BBVA Replaces Telefonica In The Dow Jones Despite Its Losses

BBVA incorporates into Dow JonesBBVA incorporates into Dow Jones

The Spanish financial entity BBVA has entered the Dow Jones sustainability index, which Telefonica has left. BBVA shares  have accumulated losses of -23.38% so far in this exercise, weighed down by the situation in Turkey, a region which contributed 11% of the Group’s net profits in the first half of 2018.

Moreover, the bank has re-bought shares at minimums of two years, with the intention of selling them the market is calmer and getting a profit, as well as supporting the share Price.

In the analysis to be incorporated in the Dow Jones, carried out by the sustainability agency RobecoSAM, BBVA achieved a total of 81 points, and has been included in both DJSI World and DJSI Europe. For its part, Garanti Bank, BBVA´s Turkish subsidiary, remains in the DJSI Emerging markets for the fourth consecutive year.

Among the most valued elements in the analysis of BBVA were included its fiscal strategy, its information and cyber security policies, the management of environmental risks and opportunities and financial inclusion. Moreover, its “Compromiso 2025” announced this year has been key.

BBVA owns 6.9% of the capital and is the main shareholder of Telefonica, the company it will replace in the DJSI. It happens that at the same time as the rotation in the index, the bank is seeking explanations from the telecommunications operator to find out what initiatives its management team is going to adopt to lift its share Price, which is at its lowest level in 20 years. Telefónica has accumulated losses of 13% since August for a combination of different factors.

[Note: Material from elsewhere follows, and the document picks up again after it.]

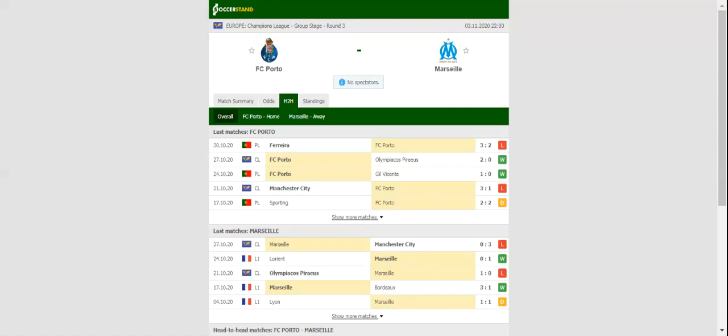Over the years, the Dragons have turned their Estadio do Dragao into a real fortress, and it is no wonder they are seen as favorites to win Tuesday's clash.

On the one hand, the negative effects provoked by the depreciation of the Brazilian Real, which has lost 25% this year, and the burden caused by the collapse of the Argentinian Peso, 50% this year. Telefonica’s debt is also a worrying aspect given the high prices in the spectrum auctions, which the bank estimates at 1 billion euros for 2018 and 1.5 billion in 2019, and the increased costs of television rights for football, between 200 and 300 million euros per year.